Let us define an interesting object as a triple $(P, M, f)$ s.t.
- $(P, \preceq , ×)$ is a poset equipped with commutative monoid structure s.t. its neutral element $1\in P$ is minimal (i.e. for any $x\in P$ it's true that $1\preceq x$),
- $(M, +)$ is a commutative monoid,
- $f\colon P\to M$ is a map such that $f(1)=0$ and the implication $$(c\preceq x \ \text{and} \ c\preceq y \Leftrightarrow c =1) \Rightarrow f(x\times y)= f(x)+f(y)$$ holds.

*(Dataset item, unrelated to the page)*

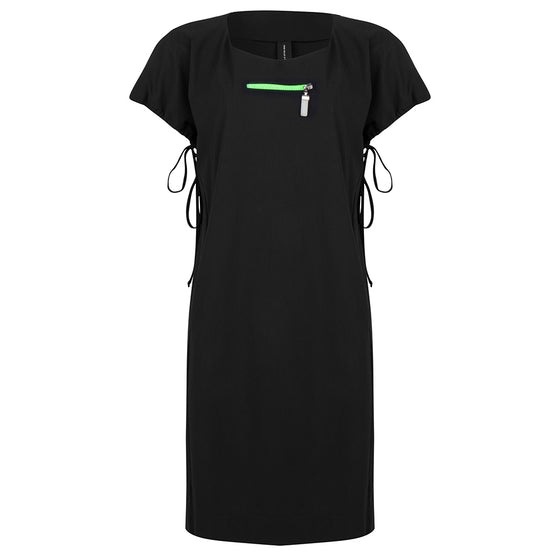 Tiff Zipper Dress | Black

It seems pretty nice observation that a measure on a set and arithmetic multiplicative functions (this object usually named as just "multiplicative functions" in number theory) may be seen as examples of interesting objects:
- If $P:= (\mathfrak{S} , \subseteq, \cup)$, where $\mathfrak{S}$ is a ring of subsets, $M:=([0,+\infty], +)$, then $f$ is a measure defined on the ring $\mathfrak{S}$,
- If $P:=(\mathbb{Z}_{>0}, \mid, \times)$, $M:=(\mathbb{Z}_{>0}, \times)$, then $f$ is an arithmetic multiplicative function.
Are the previous observations just a fancy coincidence or there really exist some deep and non-trivial connections between measures and arithmetic multiplicative functions?